The GCC chief commended the great role and constructive efforts of the Saudi King, chairman of the current term of the Supreme Council of the GCC, in the conclusion of the Sudanese-Chadian deal.

The deal is supposed to put an end to tensions between countries and to shore up security and stability in Sudan’s Darfur region.

Al-Attiya expressed hope that the deal would lead to the development of bilateral brotherly relations between both neighboring countries in the interest of their people, and even buttress security, peace and stability in the region.

Earlier on Thursday, the reconciliatory agreement was inked by President Omar Hassan al-Bashir of Sudan and President Idriss Deby of Chad on burying the hatchet and developing bilateral ties between both African nations.

Under the deal, Sudan and Chad shall promote bonds of bilateral friendship and historical ties in all fields.

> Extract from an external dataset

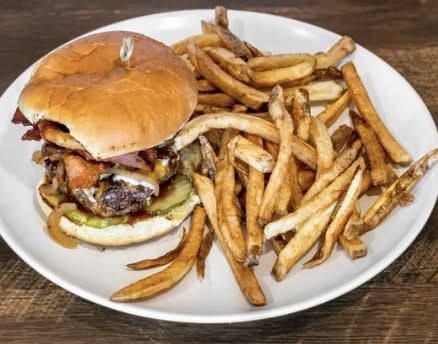 Mushroom Swiss Burger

Both sides shall also respect the principle of good neighborliness, shy away from interfering into each other’s internal affairs, resolve disputes by peaceful means and put a stop to armed conflicts that egregiously impact on security, stability and development in both nations.

Furthermore, both sides reiterated their full commitment to the implementation of earlier agreements, particularly the Tripoli Agreement signed on February 8, 2006.

They also vowed to thwart the use of their territories in harboring, supporting, training, transporting or financing each other’s opposition armed movements.

African Union and UN political and security efforts to re-stabilize Sudan’s Darfur region and border regions were backed by Sudan and Chad.

Direct communication channels are to be opened between both countries’ officials, and exchanged visits will be stimulated and spurred at formal and informal levels, according to the deal.

They also vowed to develop bilateral cooperation among both sides’ border regions in the economic and health fields, frontier trade, fight against trans-border, transport and communications through appropriate mechanisms and protocols.